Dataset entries
====

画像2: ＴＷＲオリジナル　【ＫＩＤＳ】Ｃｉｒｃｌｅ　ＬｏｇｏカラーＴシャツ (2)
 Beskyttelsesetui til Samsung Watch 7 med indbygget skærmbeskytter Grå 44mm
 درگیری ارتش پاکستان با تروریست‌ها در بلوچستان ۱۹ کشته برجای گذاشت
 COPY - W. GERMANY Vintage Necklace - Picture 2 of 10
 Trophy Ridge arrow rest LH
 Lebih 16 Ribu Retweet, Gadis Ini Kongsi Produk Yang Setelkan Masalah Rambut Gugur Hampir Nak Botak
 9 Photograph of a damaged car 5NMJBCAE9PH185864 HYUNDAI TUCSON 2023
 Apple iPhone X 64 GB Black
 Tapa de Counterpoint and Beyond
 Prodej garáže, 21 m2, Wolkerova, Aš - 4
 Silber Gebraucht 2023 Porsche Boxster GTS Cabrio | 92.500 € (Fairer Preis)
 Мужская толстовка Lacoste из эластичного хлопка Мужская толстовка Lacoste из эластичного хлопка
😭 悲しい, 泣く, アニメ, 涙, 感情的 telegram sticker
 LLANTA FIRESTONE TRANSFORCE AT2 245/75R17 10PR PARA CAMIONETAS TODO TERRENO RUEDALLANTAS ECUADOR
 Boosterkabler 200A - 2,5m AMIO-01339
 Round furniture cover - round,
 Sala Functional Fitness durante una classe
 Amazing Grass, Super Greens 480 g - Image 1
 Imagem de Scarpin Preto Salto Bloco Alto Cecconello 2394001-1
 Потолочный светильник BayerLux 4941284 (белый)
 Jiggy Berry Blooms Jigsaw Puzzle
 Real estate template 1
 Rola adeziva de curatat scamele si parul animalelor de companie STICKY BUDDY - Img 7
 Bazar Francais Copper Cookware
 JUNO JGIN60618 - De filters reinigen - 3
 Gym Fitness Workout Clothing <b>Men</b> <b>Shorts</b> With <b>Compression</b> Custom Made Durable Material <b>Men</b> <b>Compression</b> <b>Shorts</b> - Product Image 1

====

**Brief:** Above are the records; print exactly the lines from the line with "Prodej garáže, 21 m2, Wolkerova, Aš - 4" to the line with "感情的 telegram sticker", including both, and nothing else.

**Exercise solution:**
 Prodej garáže, 21 m2, Wolkerova, Aš - 4
 Silber Gebraucht 2023 Porsche Boxster GTS Cabrio | 92.500 € (Fairer Preis)
 Мужская толстовка Lacoste из эластичного хлопка Мужская толстовка Lacoste из эластичного хлопка
😭 悲しい, 泣く, アニメ, 涙, 感情的 telegram sticker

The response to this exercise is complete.